Voice Lessons

Long before I was a counselor or teacher or wife or mother, I was a singer.  There have been so many years and life experiences since then that it is almost hard to remember that period.  What I do remember very clearly, though, is how much I enjoyed my voice lessons.  Truth be told, I enjoyed the voice lessons more than I enjoyed performing for it was in the lesson that you really grew as a musician.  You dove into the nuances and interpretations of the music, and sometimes just thinking of a phrase differently changed the way you sounded.  Mistakes were expected. You grew and learned because of those missed notes and missteps, and the hardest lesson often ended up being the most helpful.  In the voice lesson, you experimented with different techniques, making the slightest adjustments here and there.  Those slight adjustments sometimes unlocked attributes of your voice that you didn’t even know were there.  Very simply, you found your voice in the midst of the lesson. Gone are the days of vocal studios and voice coaches, and happily, my performances are now for an audience of one, my two-year-old son.  Now my days are filled with counseling my clients, speaking, and family life, and my voice lessons occur in the big and small challenges of daily living.   I think many of us search for our true voice because, unfortunately, we lost it or it got silenced years ago.  Bad relationships, trying to fit in, attempting to be everything to everyone all the time, addiction, abuse, or maybe just the daily grind have the power to make people very quiet.
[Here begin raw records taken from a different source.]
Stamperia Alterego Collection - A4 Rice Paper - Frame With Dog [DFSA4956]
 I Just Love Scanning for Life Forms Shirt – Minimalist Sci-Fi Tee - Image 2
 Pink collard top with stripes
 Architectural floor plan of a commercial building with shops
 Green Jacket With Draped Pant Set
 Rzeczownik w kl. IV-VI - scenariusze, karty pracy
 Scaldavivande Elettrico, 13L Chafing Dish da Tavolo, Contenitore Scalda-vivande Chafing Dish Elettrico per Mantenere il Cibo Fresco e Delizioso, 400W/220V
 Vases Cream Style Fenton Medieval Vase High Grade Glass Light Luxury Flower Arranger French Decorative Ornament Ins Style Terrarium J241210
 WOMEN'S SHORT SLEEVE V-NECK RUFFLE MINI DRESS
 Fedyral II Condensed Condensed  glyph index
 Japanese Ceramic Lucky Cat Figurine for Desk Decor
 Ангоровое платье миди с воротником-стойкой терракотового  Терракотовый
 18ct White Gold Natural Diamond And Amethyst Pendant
When we lose our voice, we lose our sense of self.  It is easier to tell someone what she wants to hear than take the risk and share our opinion, story, or preference. We second-guess everything and sometimes just wish someone would tell us what to do. Perhaps we feel anxious and we don’t even know why.  We wrestle with feeling not good enough, and we live in a pressure cooker of working for love and belonging.

But somehow in the midst of the day-to-day activities and peaks and valleys of our lives, we discover our voice.  Perhaps it begins with baby steps- we learn our likes and dislikes.  Maybe we take a giant leap and set boundaries in a relationship or start saying yes and no when we truly mean it rather than when we think it fits the situation.  We discover who we are and step off the treadmill of self-doubt and criticism.  Finding our voice means we believe we are enough and that our worth is not determined by the fullness of our calendars or the number of checks on our to do lists.  When we find our voice, we feel settled, peaceful, and content.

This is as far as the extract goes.